2024 lecture videos are on YouTube: https://youtube.com/playlist?list=PLoROMvodv...

rllearner · 2025-11-26T21:14:25 1764191665

One of my favorite parts of the 2024 series on Youtube was when Prof B explained her excitement just before introducing UCB algorithms (Lecture 11): "So now we're going to see one of my favorite ideas in the course, which is optimism under uncertainty... I think it's a lovely principle because it shows why it's provably optimal to be optimistic about things. Which is kind of beautiful."

Those moments are the best part of classroom education. When a super knowledgeable person spends a few weeks helping you get to the point where you can finally understand something cool. And you can sense their excitement to tell you about it. I still remember learning Gauss-Bonnet, Stokes Theorem, and the Central Limit Theorem. I think optimism under uncertainty falls in that group.

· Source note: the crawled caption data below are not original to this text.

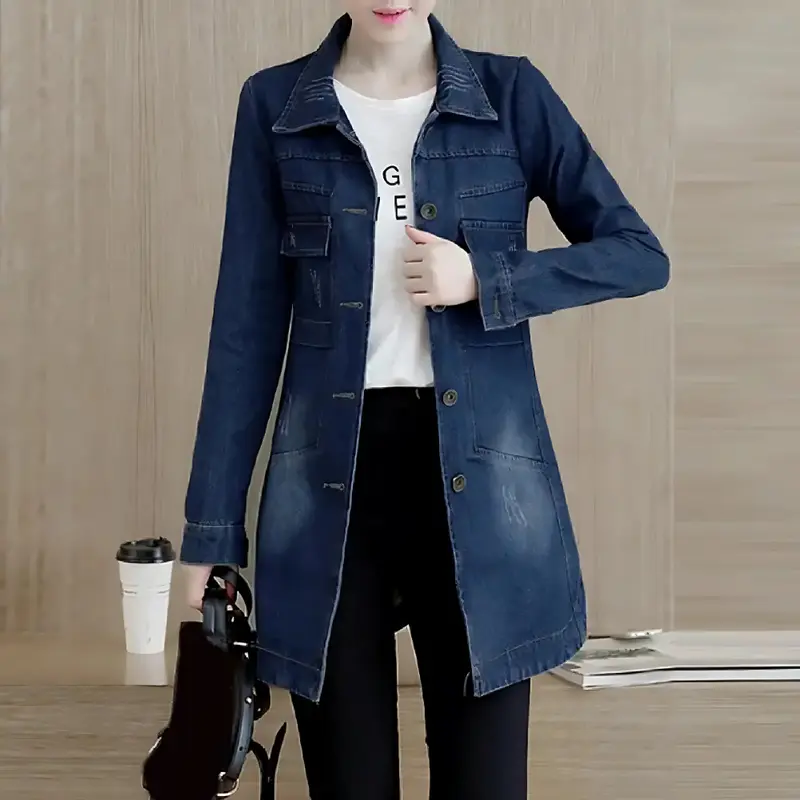 Veste Tendance à Manches Longues et Poches Multiples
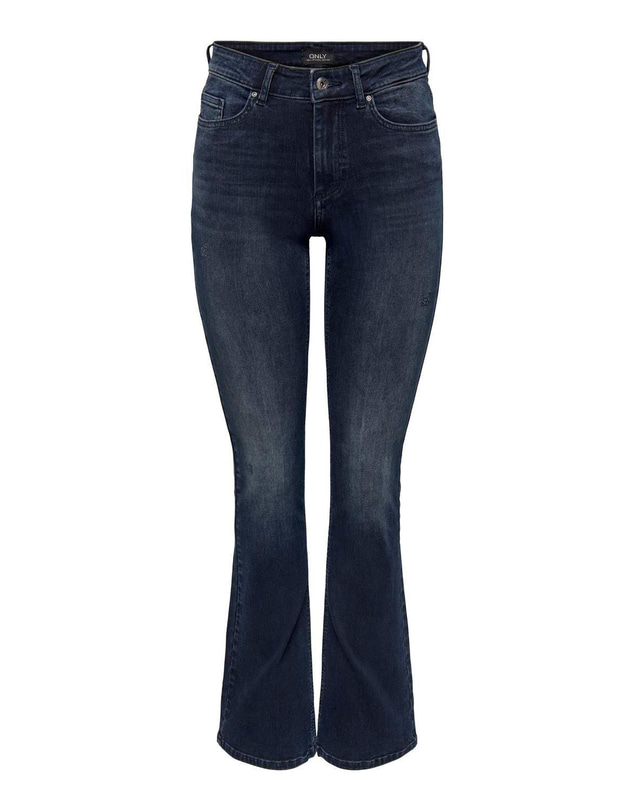 ONLY - Blush Mid Rise Flared Jeans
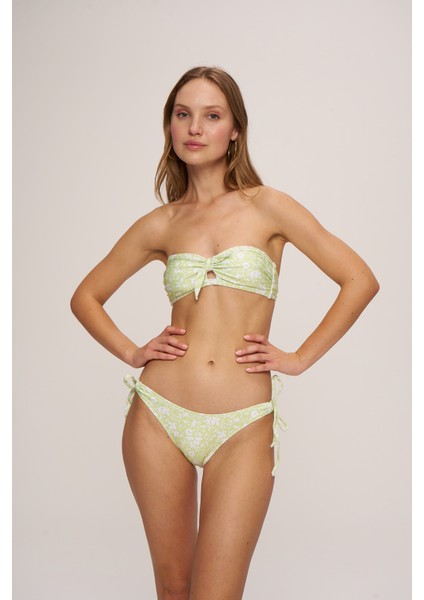 HR23BA007 Hawai Yandan Bağcıklı Bikini Alt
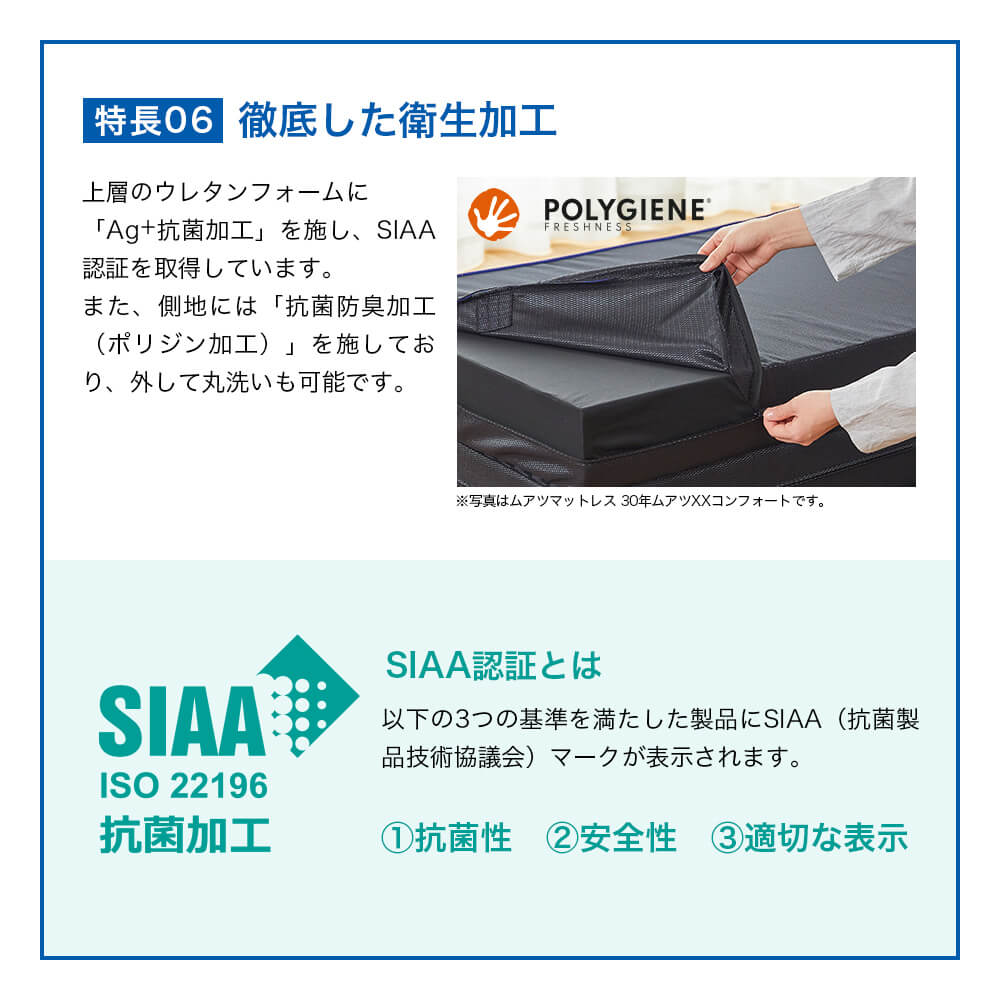 西川（nishikawa） マットレス ダブル ムアツ布団 折りたたみ 三つ折り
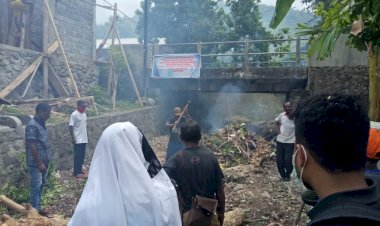 Bina-Kerukunan-Umat-Beragama,-Polsek-Alor-Barat-Daya-Hadir-Dalam-Kegiatan-Baksos-Bersama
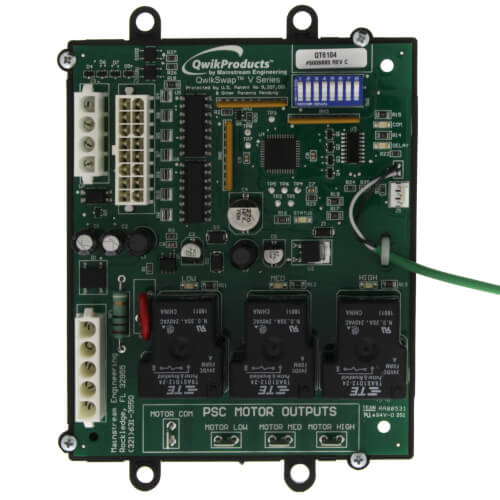 QWIK PRODUCTS QwikProducts QT6104 Universal ECM Blower Motor To PSC Motor Replacement Board
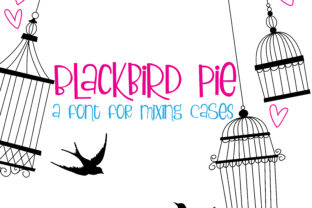 Blackbird Pie Font for Creative Web Design Projects
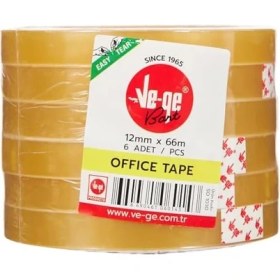 Resim Karokstore Selefon Bant Offıce Tape 12X66 (6 Lı Paket) 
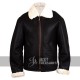 Men's Aviator B3 Ginger Sheepskin Leather Bomber Jacket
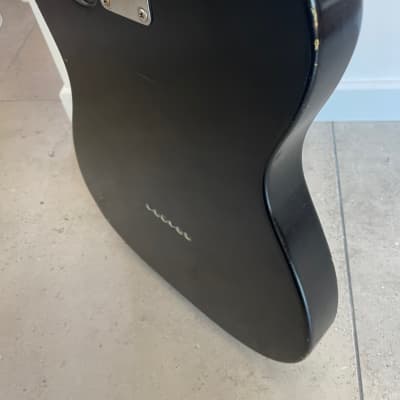 RebelRelic Telecaster thinline 2020 - Black Over Tv Yellow image 7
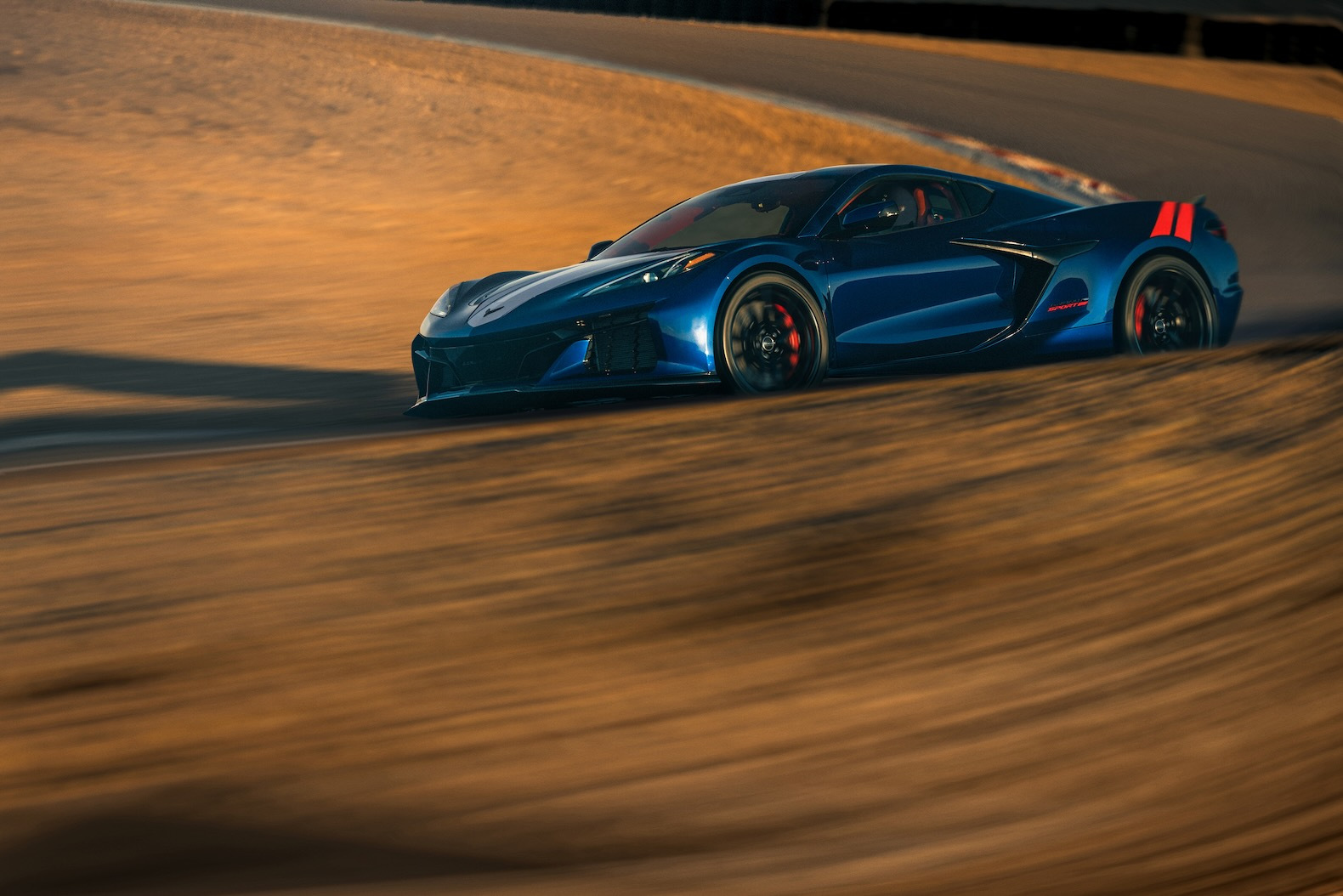 2027 Chevrolet Corvette Grand Sport - side view driving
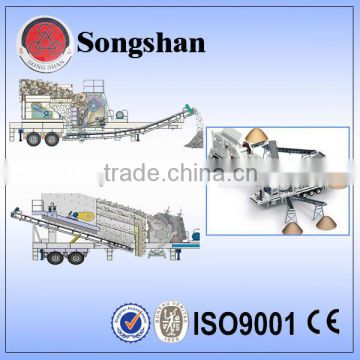 Mobile rock crusher china supplier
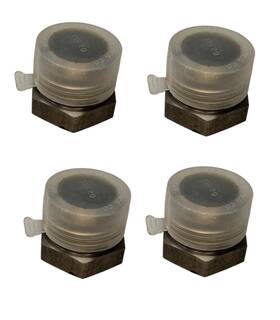0403-20-20 New Flyer Lot Of 4 #20 Male Jic Bore Straight Adapter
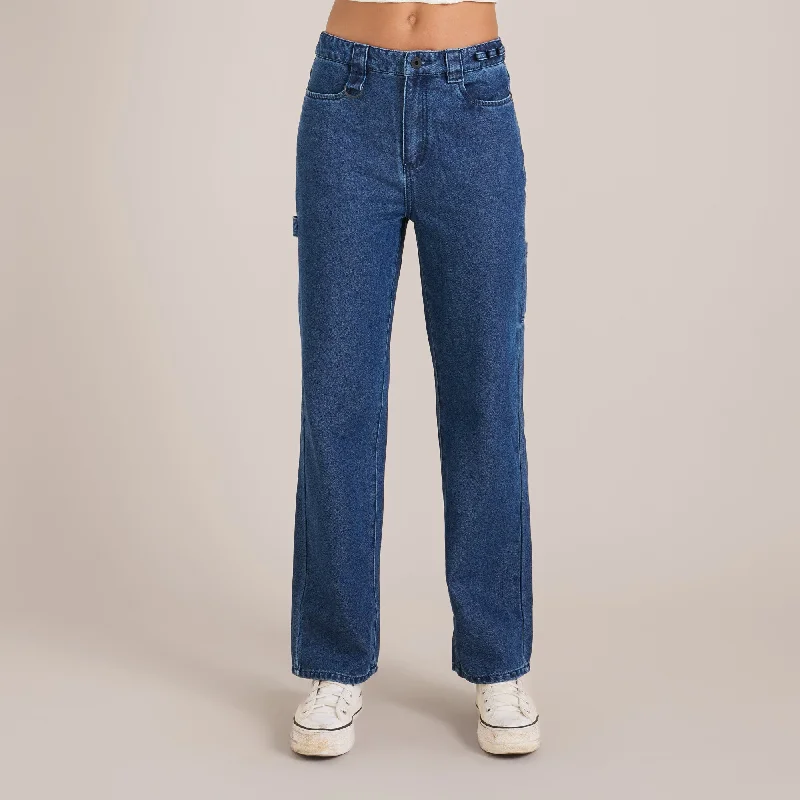 HWY 1 Jeans - Indigo Fashionable Distressed Jeans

storus · 2025-11-26T16:35:47 1764174947

Those don't have DPO/GRPO which arguably made some parts of RL obsolete.

nafizh · 2025-11-26T20:27:06 1764188826

check out cs 336 stanford, they cover DPO/GRPO and relevant parts needed to train LLMs.

storus · 2025-11-27T01:23:27 1764206607

It's also covered by CS329H.

upbeat_general · 2025-11-26T21:06:57 1764191217

I can assure you that lacking knowledge in DPO (and especially GRPO it’s just stripped down PPO) is not a dealbreaker.